[What to do]: For this exercise, transcribe every line of the material exactly and skip the pictures.

[Records for processing]:
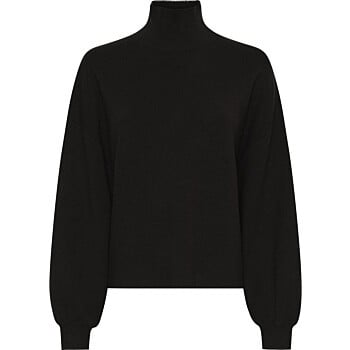 MSCHMercy East M Pullover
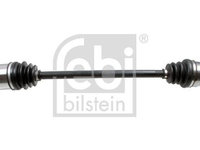 Planetara FEBI BILSTEIN 180769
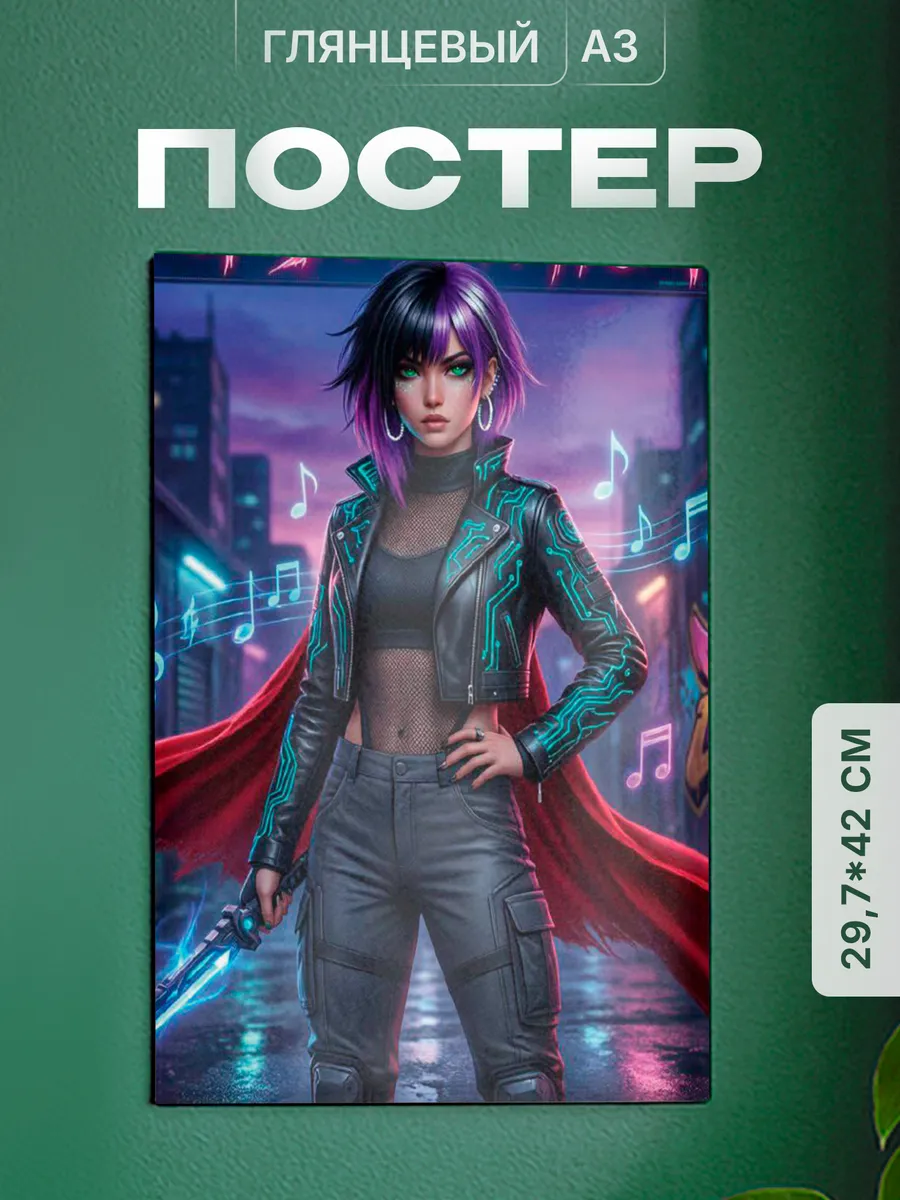 Изображение товара 1 из 4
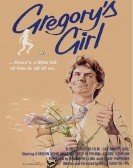 Gregory's Girl (1981) Free Download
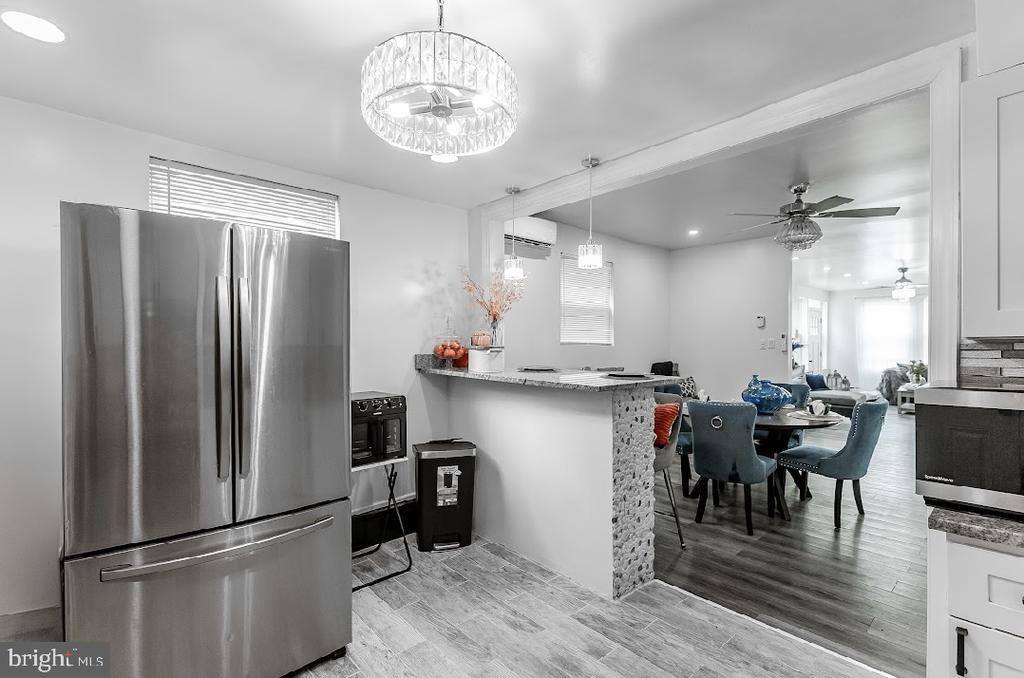 946 Macdade Boulevard, Yeadon, PA 19050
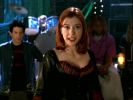 wolfcap_3x16-Doppelgangland_159.jpg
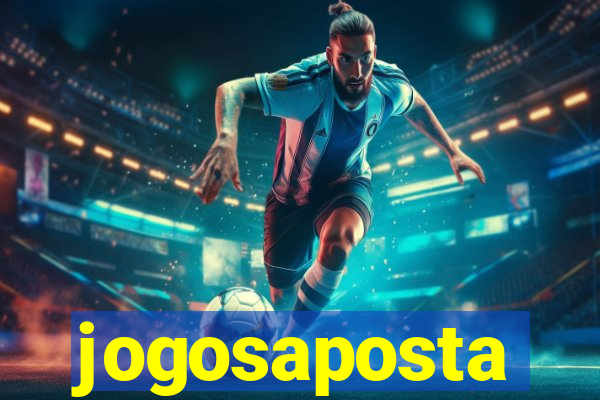 jogosaposta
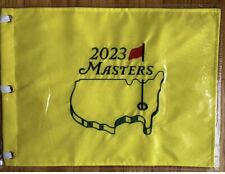 2023 masters golf for sale  Saint Louis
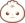 BAO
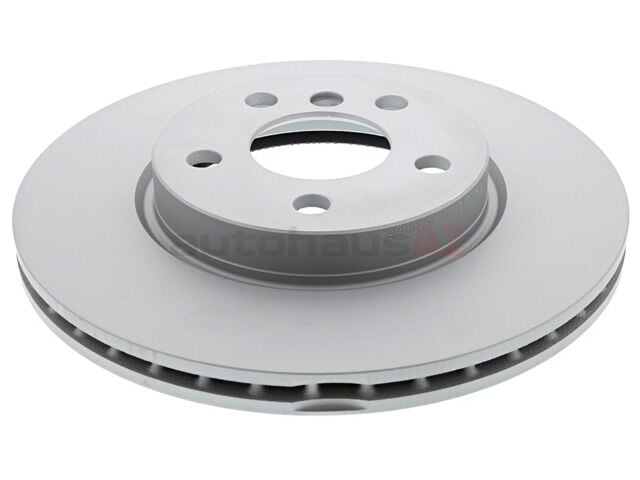 BMW-34116866297-DİSK ÖN F45/F46/F56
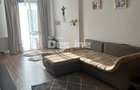 Apartament 2 camere |65 mp| Prelungirea Ghencea | Loc de par - 12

[Result for this exercise]:
 MSCHMercy East M Pullover
 Planetara FEBI BILSTEIN 180769
 Изображение товара 1 из 4
 Gregory's Girl (1981) Free Download
 946 Macdade Boulevard, Yeadon, PA 19050
 wolfcap_3x16-Doppelgangland_159.jpg
 jogosaposta
 2023 masters golf for sale  Saint Louis
 BAO
 BMW-34116866297-DİSK ÖN F45/F46/F56
 Apartament 2 camere |65 mp| Prelungirea Ghencea | Loc de par - 12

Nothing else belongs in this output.